#### Data to process ####
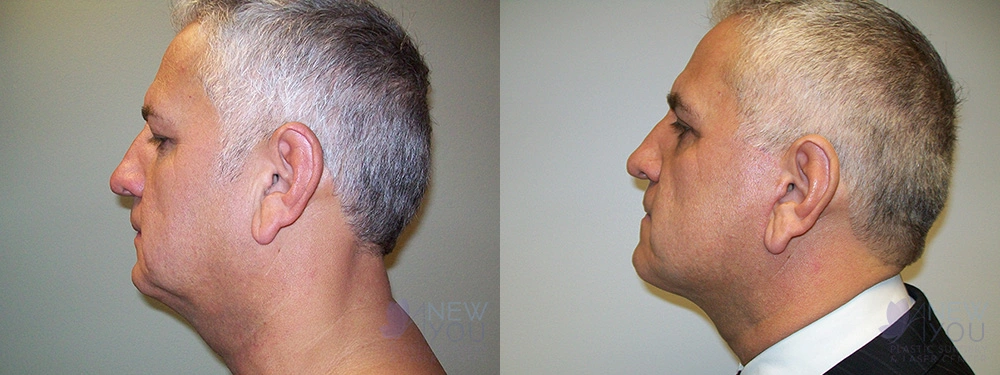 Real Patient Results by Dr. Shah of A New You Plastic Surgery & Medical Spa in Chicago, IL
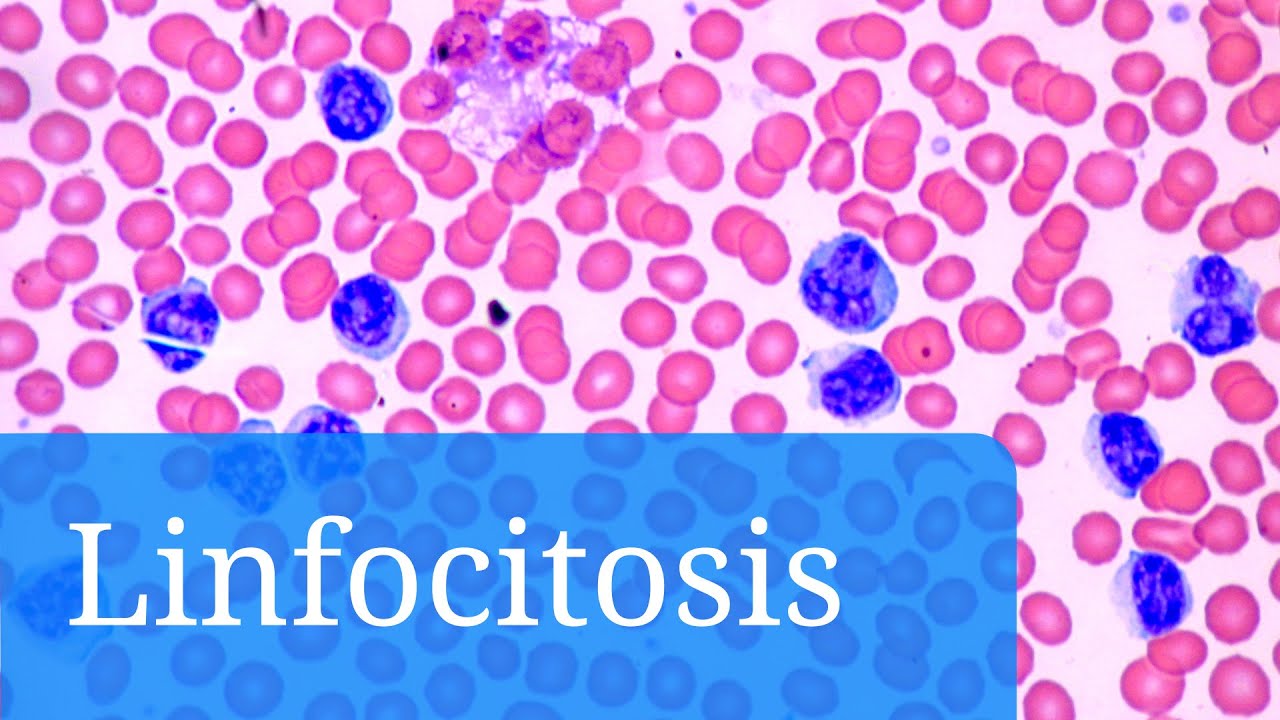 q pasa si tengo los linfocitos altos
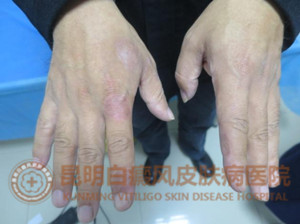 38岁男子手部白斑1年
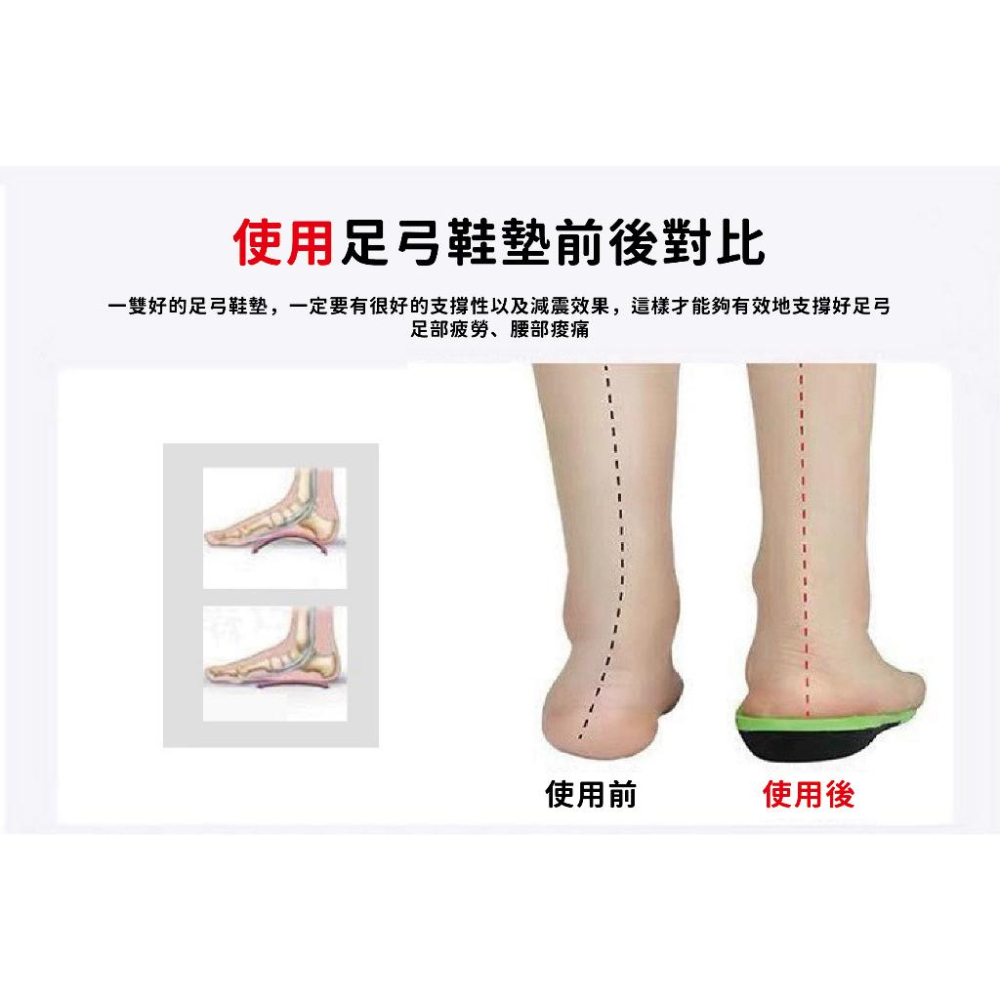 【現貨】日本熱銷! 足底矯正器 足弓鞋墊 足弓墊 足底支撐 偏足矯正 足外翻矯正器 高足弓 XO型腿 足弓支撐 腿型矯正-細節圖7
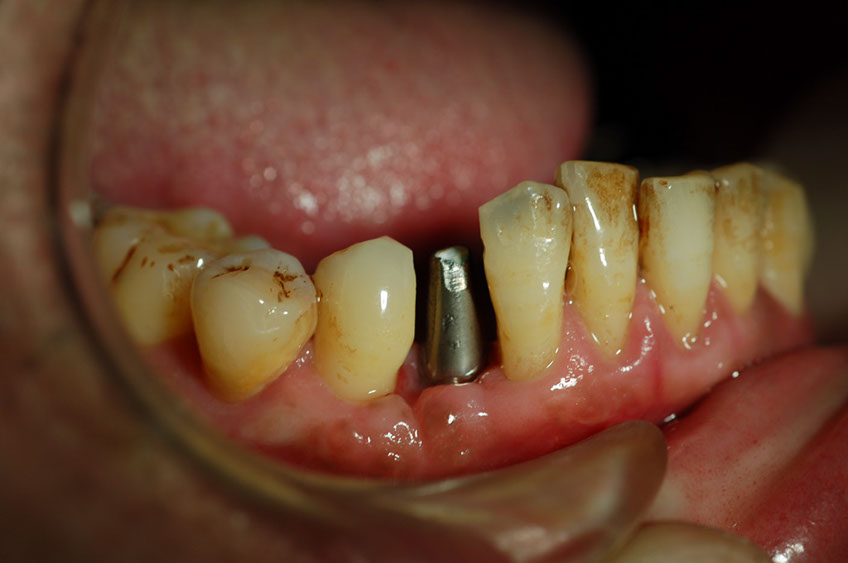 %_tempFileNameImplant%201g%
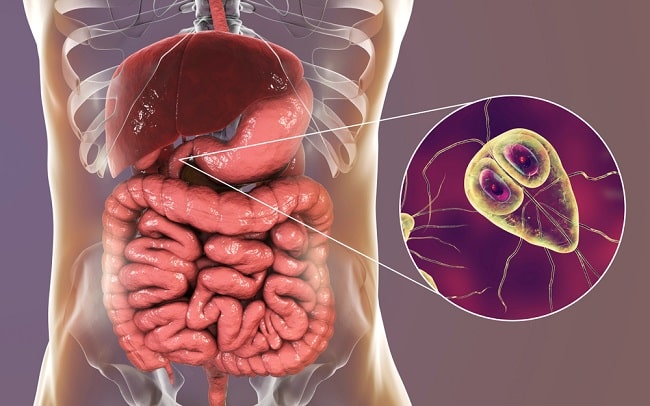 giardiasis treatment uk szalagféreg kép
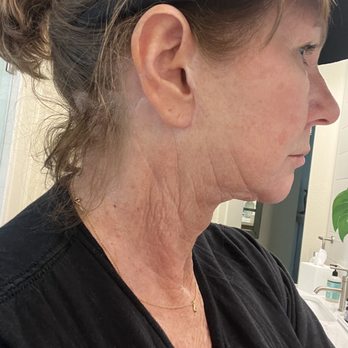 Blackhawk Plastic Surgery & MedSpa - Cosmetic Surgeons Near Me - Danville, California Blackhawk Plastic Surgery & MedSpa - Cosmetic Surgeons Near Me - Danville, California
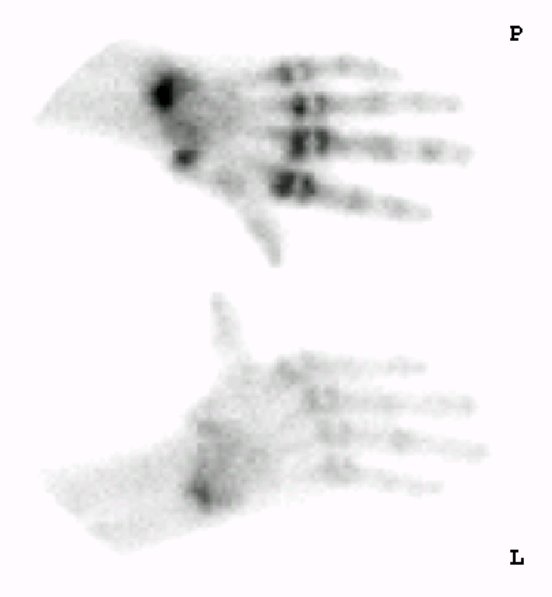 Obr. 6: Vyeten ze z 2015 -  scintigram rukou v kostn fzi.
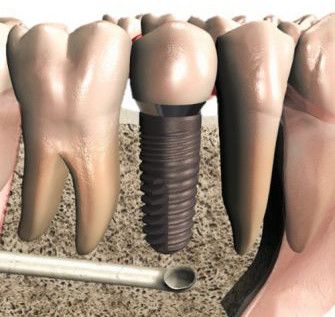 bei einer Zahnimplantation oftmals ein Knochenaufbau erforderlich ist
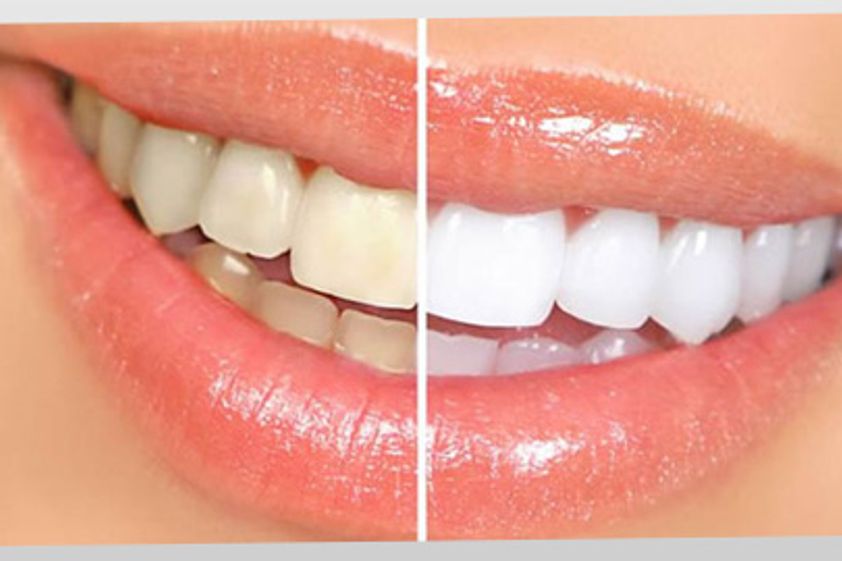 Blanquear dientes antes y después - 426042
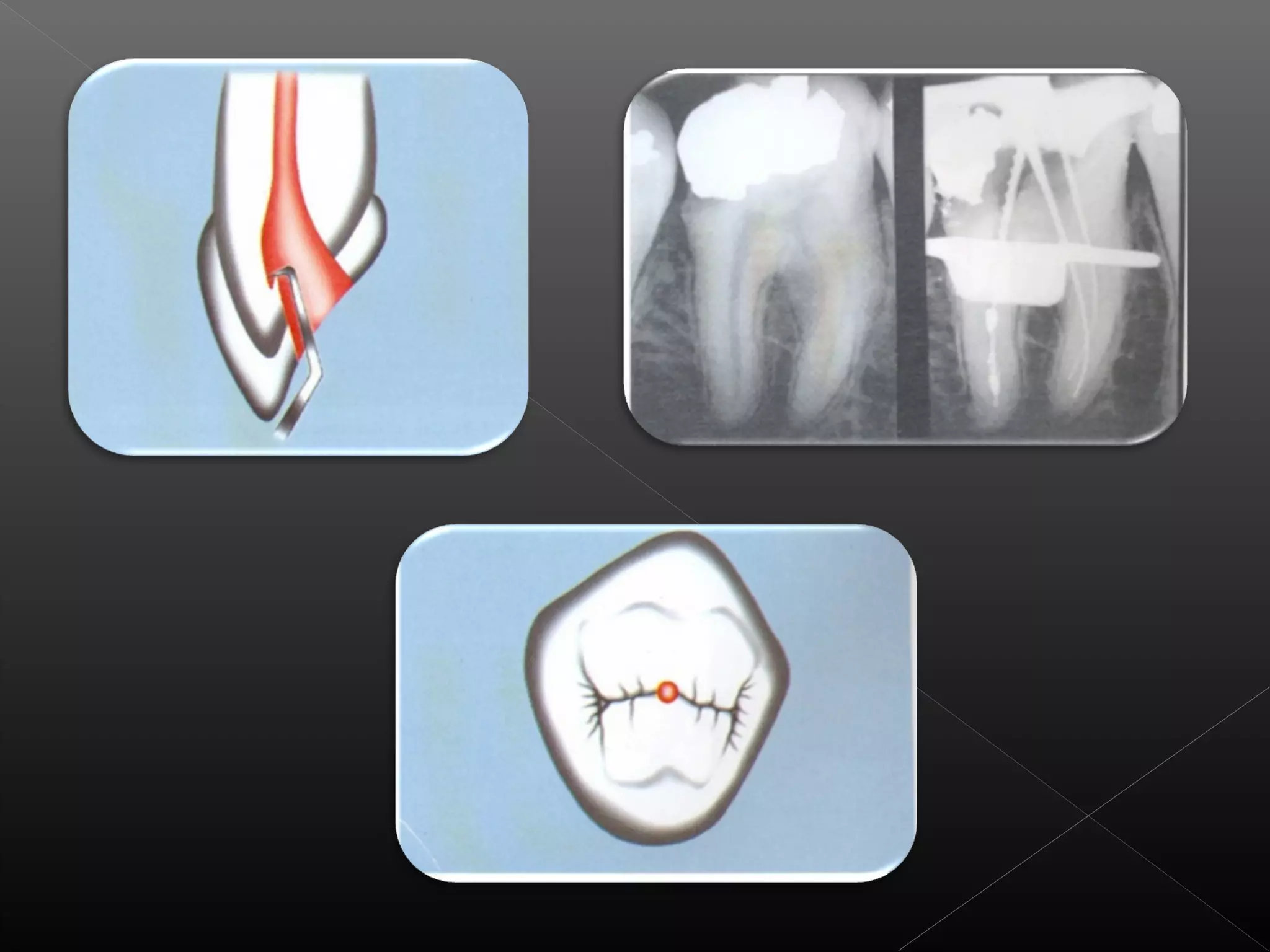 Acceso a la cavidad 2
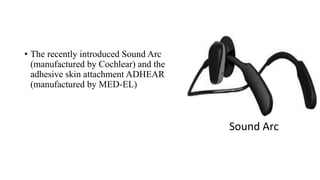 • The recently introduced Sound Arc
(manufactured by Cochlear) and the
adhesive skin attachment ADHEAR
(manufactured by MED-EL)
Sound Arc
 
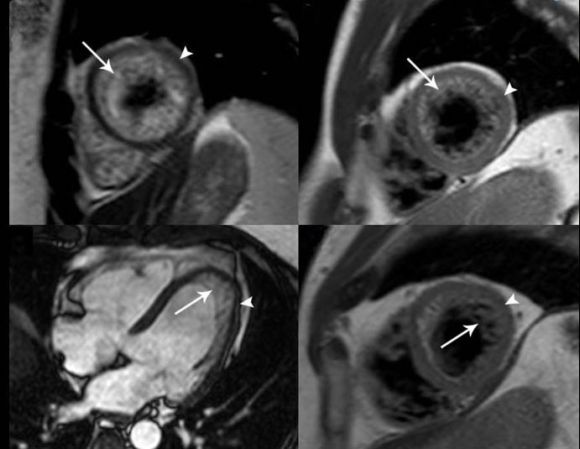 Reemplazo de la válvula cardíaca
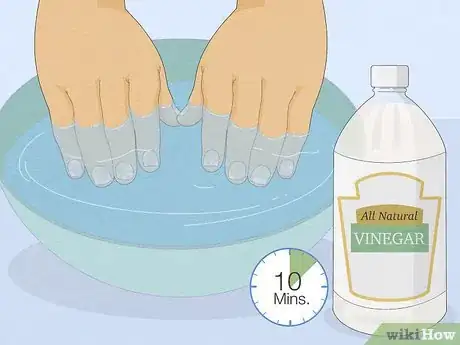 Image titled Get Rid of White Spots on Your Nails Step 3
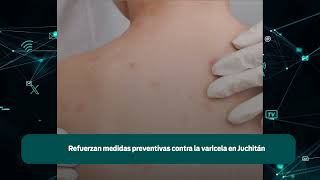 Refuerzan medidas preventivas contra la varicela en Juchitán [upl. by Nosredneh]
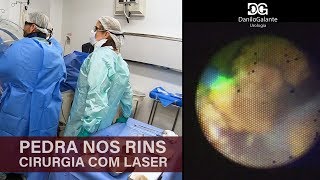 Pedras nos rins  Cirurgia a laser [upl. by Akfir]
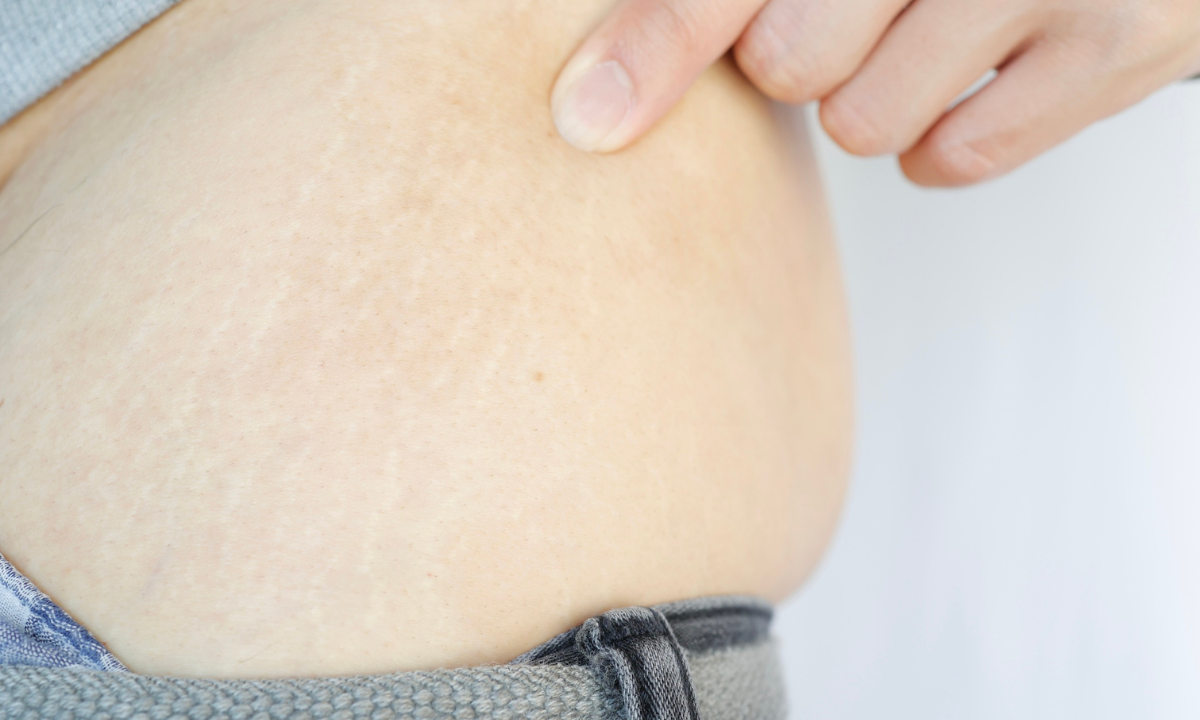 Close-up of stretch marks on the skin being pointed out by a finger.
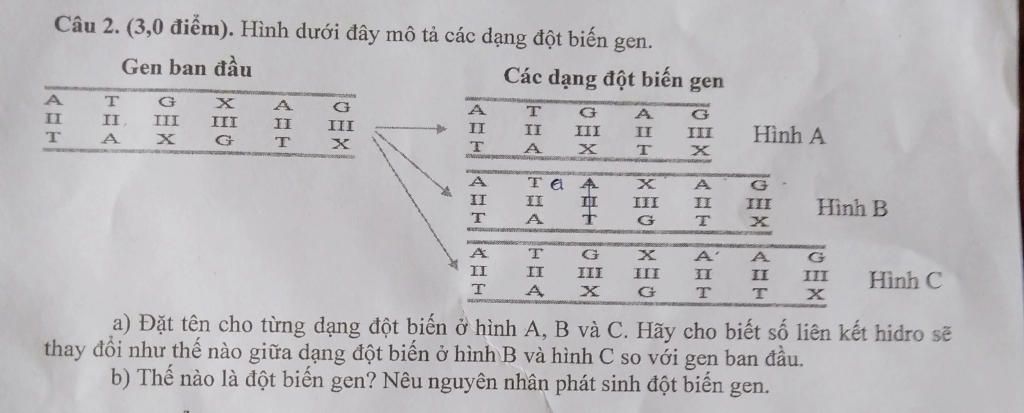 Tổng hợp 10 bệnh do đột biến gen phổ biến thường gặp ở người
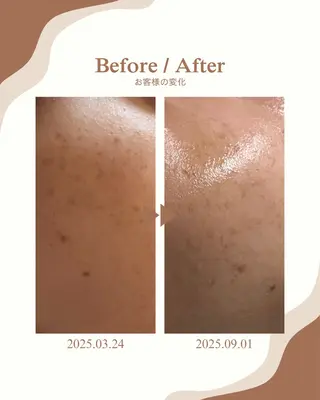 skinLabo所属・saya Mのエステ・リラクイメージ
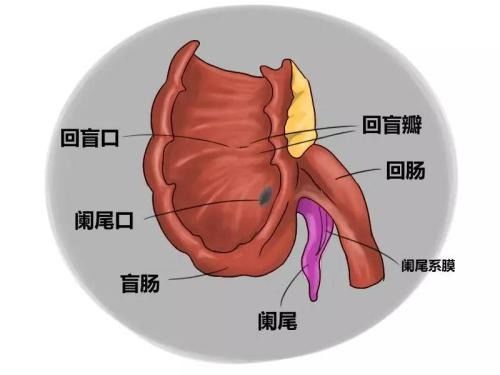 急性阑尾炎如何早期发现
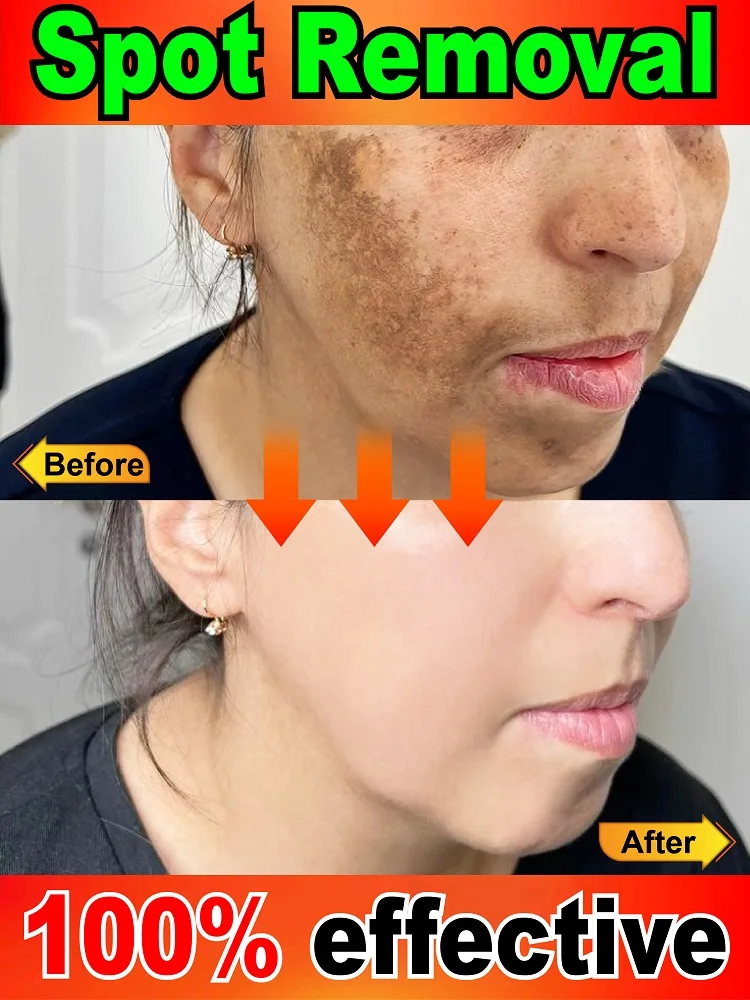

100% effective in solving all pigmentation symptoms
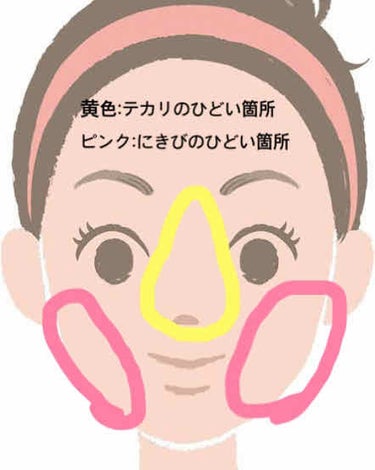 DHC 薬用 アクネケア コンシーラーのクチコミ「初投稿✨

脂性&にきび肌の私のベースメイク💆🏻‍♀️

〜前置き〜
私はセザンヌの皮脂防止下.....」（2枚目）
####
About this task: The lines above that hold "manufactured" are the result; show every one of them.

Task output:
(manufactured by Cochlear) and the
(manufactured by MED-EL)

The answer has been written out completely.